Tribes, Wonder Woman, Blood, Guts, and Iron

If you've been following this blog for a while you're aware of my occasional digressions into the world of superhero comics in between Big Important Literature Books Only (BILBO). Also, you're probably my wife and haven't needed to follow my blog closely to find this out but I appreciate you reading anyway. Also you have pretty hair.

Why just this week I've had a couple Really Good Books (RGBs) on my bookshelf, two of which I'm halfway through and another that has now been shortlisted for the Booker Prize, but here I am reading Wonder Woman comics.

Listen. I've always been a Marvel guy. Not sure why other than I started out reading X-Men comics and DC didn't have X-Men. Also, Superman is the worst. Like, I'm not breaking any news stories here but he's overpowered and boring and works for 8 hours a day at a newspaper even though (A) there are tragedies happening during those 8 hours when he's doing Sudoku at a desk and (B) nobody reads newspapers anymore. Newspapers and phone booths, Supes. Look into alternatives.

DC has Batman. I don't have to tell you guys this, but Batman is cool. They have the Green Arrow. I like him sometimes. Man, though, the Green Lantern is some hot garbage and let's not talk about the Green Hornet. DC is at about a 33% success rate just when it comes to guys with Green in their name. Aquaman, pass. Martian Manhunter, what? Bizarro Superman? Come on.

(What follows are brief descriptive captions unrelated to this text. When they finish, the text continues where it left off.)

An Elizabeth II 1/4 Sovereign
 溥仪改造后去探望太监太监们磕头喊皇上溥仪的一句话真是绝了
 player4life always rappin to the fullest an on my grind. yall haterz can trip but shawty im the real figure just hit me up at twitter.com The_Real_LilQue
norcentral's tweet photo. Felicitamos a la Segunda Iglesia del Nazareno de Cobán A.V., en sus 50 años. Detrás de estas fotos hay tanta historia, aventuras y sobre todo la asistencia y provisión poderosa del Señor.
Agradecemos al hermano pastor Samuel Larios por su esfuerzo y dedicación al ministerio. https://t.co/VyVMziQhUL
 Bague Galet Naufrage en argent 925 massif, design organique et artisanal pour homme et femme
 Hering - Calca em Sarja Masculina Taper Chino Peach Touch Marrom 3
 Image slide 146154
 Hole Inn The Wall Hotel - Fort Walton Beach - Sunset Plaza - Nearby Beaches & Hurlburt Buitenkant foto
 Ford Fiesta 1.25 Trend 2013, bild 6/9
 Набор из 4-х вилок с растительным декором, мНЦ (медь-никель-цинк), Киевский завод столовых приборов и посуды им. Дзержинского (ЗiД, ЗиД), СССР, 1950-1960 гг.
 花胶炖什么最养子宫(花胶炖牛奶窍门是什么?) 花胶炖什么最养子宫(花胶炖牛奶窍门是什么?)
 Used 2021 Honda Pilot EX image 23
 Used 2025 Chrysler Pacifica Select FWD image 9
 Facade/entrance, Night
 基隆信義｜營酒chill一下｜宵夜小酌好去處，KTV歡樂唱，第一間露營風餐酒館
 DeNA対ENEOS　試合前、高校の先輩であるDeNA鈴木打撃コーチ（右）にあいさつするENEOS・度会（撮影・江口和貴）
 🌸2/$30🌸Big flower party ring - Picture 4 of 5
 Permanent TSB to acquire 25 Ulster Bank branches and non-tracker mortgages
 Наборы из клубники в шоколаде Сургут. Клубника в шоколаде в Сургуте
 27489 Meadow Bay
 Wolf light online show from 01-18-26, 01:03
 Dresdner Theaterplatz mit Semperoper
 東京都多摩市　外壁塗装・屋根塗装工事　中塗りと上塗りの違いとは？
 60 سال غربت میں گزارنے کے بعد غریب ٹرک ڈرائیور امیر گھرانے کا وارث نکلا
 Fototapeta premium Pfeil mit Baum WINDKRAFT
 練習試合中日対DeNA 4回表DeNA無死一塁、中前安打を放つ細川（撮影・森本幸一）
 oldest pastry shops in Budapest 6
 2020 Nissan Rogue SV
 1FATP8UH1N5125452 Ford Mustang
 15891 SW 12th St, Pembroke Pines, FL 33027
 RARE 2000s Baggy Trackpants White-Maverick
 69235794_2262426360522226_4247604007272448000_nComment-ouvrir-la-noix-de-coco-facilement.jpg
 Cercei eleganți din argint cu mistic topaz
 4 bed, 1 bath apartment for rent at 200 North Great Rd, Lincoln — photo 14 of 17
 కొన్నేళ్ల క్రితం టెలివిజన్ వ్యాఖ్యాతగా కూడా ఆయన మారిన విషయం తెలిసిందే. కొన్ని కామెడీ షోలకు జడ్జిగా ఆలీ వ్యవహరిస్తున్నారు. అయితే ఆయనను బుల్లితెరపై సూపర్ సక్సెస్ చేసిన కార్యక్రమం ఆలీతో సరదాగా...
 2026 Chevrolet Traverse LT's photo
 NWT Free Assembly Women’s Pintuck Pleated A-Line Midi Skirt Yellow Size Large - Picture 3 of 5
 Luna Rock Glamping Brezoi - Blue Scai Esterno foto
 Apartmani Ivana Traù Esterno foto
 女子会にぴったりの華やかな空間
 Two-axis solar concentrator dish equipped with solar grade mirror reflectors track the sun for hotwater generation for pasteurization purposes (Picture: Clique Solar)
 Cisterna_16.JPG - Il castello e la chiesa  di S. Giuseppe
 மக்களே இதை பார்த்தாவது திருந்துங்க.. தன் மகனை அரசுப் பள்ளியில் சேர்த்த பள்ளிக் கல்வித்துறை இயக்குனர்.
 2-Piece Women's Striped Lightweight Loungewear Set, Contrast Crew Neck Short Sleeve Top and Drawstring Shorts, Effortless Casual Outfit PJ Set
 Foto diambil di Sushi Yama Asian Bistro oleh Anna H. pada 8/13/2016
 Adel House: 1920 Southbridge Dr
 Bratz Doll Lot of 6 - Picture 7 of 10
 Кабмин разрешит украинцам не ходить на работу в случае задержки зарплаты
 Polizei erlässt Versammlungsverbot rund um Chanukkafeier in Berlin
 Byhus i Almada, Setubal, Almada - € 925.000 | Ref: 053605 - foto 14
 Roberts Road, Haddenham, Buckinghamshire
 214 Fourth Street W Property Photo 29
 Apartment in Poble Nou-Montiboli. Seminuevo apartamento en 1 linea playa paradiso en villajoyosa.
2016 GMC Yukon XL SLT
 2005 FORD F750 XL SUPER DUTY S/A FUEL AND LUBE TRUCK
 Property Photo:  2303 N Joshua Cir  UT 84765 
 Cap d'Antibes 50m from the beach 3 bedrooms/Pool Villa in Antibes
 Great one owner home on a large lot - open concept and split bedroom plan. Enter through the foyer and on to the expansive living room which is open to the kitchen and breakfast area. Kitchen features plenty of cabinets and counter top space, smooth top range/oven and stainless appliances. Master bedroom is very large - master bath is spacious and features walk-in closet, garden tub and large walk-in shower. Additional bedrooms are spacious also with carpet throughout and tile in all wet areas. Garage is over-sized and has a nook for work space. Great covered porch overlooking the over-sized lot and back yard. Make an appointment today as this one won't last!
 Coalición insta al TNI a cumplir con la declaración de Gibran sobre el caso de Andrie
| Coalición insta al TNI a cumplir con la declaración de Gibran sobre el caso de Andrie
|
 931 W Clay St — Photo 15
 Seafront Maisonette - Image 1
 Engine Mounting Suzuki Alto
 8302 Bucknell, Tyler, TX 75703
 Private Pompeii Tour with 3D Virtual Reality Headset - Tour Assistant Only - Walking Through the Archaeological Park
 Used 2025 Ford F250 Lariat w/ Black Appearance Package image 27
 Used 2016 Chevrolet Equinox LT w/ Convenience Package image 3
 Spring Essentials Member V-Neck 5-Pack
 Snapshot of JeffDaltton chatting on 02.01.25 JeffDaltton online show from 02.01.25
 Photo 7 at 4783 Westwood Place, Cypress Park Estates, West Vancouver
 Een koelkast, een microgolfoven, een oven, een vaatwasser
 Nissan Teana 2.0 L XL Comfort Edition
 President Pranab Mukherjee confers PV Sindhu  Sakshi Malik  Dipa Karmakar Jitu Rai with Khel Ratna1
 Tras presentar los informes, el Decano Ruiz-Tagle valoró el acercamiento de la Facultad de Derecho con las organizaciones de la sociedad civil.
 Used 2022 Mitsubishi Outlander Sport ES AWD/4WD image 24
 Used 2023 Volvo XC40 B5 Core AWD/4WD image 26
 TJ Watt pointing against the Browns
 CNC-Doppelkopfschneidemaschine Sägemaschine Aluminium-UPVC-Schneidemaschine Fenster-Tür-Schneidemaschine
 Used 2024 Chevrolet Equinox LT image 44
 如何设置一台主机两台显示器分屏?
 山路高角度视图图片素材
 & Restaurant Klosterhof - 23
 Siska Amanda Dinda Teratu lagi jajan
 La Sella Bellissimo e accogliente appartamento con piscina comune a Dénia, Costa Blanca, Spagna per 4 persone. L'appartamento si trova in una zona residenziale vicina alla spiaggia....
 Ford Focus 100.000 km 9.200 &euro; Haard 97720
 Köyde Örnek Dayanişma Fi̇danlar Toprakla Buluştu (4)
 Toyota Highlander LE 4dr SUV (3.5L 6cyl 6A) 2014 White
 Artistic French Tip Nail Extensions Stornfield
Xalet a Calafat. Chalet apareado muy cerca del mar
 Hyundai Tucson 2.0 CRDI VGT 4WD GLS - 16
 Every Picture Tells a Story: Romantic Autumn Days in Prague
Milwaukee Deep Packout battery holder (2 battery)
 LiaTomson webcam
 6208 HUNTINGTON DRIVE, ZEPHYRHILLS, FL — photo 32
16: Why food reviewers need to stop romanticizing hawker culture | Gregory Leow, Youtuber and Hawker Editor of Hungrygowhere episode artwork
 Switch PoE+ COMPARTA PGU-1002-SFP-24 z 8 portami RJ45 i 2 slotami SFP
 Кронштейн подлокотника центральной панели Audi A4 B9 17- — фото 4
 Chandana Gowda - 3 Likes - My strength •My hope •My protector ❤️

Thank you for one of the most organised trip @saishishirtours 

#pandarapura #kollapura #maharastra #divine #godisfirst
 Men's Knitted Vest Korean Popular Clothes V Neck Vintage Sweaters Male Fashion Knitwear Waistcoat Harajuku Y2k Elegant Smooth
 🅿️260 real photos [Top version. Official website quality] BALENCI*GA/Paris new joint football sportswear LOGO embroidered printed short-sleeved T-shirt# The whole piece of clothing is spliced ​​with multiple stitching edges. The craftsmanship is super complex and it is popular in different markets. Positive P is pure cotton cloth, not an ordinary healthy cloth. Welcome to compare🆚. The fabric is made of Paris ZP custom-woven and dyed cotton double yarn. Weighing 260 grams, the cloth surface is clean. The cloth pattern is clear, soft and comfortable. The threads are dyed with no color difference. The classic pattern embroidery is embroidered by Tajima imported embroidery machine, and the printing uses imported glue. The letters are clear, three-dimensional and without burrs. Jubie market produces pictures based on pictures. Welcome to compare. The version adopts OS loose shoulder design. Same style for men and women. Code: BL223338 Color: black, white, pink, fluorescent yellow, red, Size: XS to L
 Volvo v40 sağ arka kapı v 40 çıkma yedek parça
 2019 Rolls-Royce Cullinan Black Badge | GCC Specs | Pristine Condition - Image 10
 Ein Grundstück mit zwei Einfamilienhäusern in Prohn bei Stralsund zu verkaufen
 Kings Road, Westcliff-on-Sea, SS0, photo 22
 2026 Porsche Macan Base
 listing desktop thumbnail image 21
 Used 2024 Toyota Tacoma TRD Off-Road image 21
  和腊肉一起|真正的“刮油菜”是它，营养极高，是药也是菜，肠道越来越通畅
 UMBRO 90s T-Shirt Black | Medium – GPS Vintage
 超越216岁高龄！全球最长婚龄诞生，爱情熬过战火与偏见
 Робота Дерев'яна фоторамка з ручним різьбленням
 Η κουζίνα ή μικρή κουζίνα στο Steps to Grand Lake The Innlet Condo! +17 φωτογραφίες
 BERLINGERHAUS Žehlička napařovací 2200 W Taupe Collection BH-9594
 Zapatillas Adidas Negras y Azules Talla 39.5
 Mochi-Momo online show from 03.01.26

When I was a kid, the DC squad just seemed like a load of poorly drawn also-rans. I was a kid in the 90s, so calling any comic well-drawn is a bit of a stretch, I know. Check out Rob Liefeld's 90's work. Especially Captain America there.

Look at all the light sources here. According to the shading, the sun is up and to the right, correct? Yet there's a cool glint coming off the shield on the left-hand side. Also the reflection of maybe flying saucers in the shield? Captain America in this picture is an anatomical aberration. His face begs for the sweet embrace of death as his every moment on this earth is torment. It's like the artist started drawing what he thought was a human body, realized it was all wrong, and just said screw it here's a shield instead.
What I'm saying is that kids are idiots.

We establish our loyalties, the ones that many of us will carry with us well into adulthood, when we are the least aware of the world. I'm a Nintendo fan to the exclusion of all other platforms, even in the face of mounting evidence that Nintendo does not care if I'm a fan of theirs or not. Why? Because I was forced, as a young tyke, to take sides in one of the epic debates of my era. The Console Wars. If I have to choose sides, and one side has Mega Man? I'm going to take the Blue Bomber every time.

Somewhere in there, there was a Reagan vs. Dukakis deal that we kids were also passionate about, but none of us knew why other than we'd asked our parents. 49ers vs Cowboys was a thing, too. Again, our decision on who we backed depended more or less on whether or not our grandma gave us a Starter Jacket and for which team.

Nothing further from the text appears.